La escasa luz parpadea incierta, ilumina la atmósfera y la figura se torna difusa, su piel se extingue en las sombras. La estoy diseñando de nuevo, reconstruyendo el pasado difuminado. Es a ratos una y después otra, es de pronto arrogante y luego sumisa.
La escasa luz me esconde de sus ojos, de sus manos que atrapaban colibríes, de sus momentos de brillo y atmósfera fina. Busco algún vestigio de su existencia; revuelvo el café, rastreo huellas en el mantel, hurgo en el closet. Me escabulló en el ático. Pretendo olfatear alguna media de seda o toparme con su barniz para las uñas. Me estrello en las dudas. Nada parece delatarla, ni una sonrisa extraviada o un ademán desvanecido. Cierro los ojos y la focalizo, está ahí, entrando en mi vida. Tiene un nombre que no puedo recordar, sé que forma parte de mi pretérito. Por ahí debo conservar algo suyo.

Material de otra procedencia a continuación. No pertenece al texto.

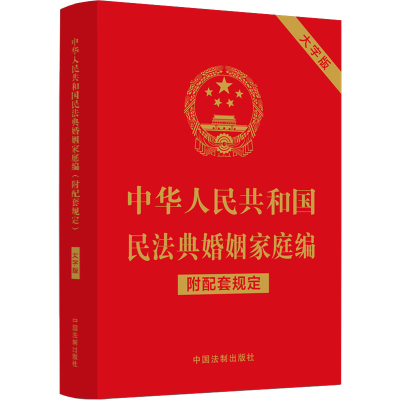 [M]中华人民共和国民法典婚姻家庭编 附配套规定 大字版-9787521630343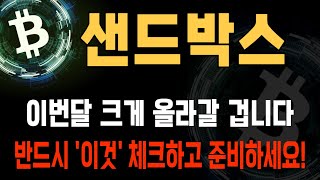 샌드박스 코인 / 이번달 크게 올라갈 겁니다. 반드시 '이것' 체크하고 준비하세요!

La escasa luz se vierte en su voz que circunda mis sentidos. Como antes me regoloteo en su aliento y voy deletreando cada una de sus palabras. Paladeo el asombro de su cuerpo al avanzar ante mis ojos. De tanto imaginarla le he dado sentido. He esculpido un trozo de fantasía. Ella, aún sin nombre, se atreve a brillar ante mis ojos, casi puedo tocarla en la penumbra. Me levanto y camino hacia la puerta, entonces alguien abre y me mira.
— ¿Qué haces con la luz apagada? —dice, al tiempo que entra y contempla la luz de la vela. Luego pasa sus dedos por el interruptor e ilumina la estancia, en ese momento, de golpe, desaparecen las sombras y la miro en silencio.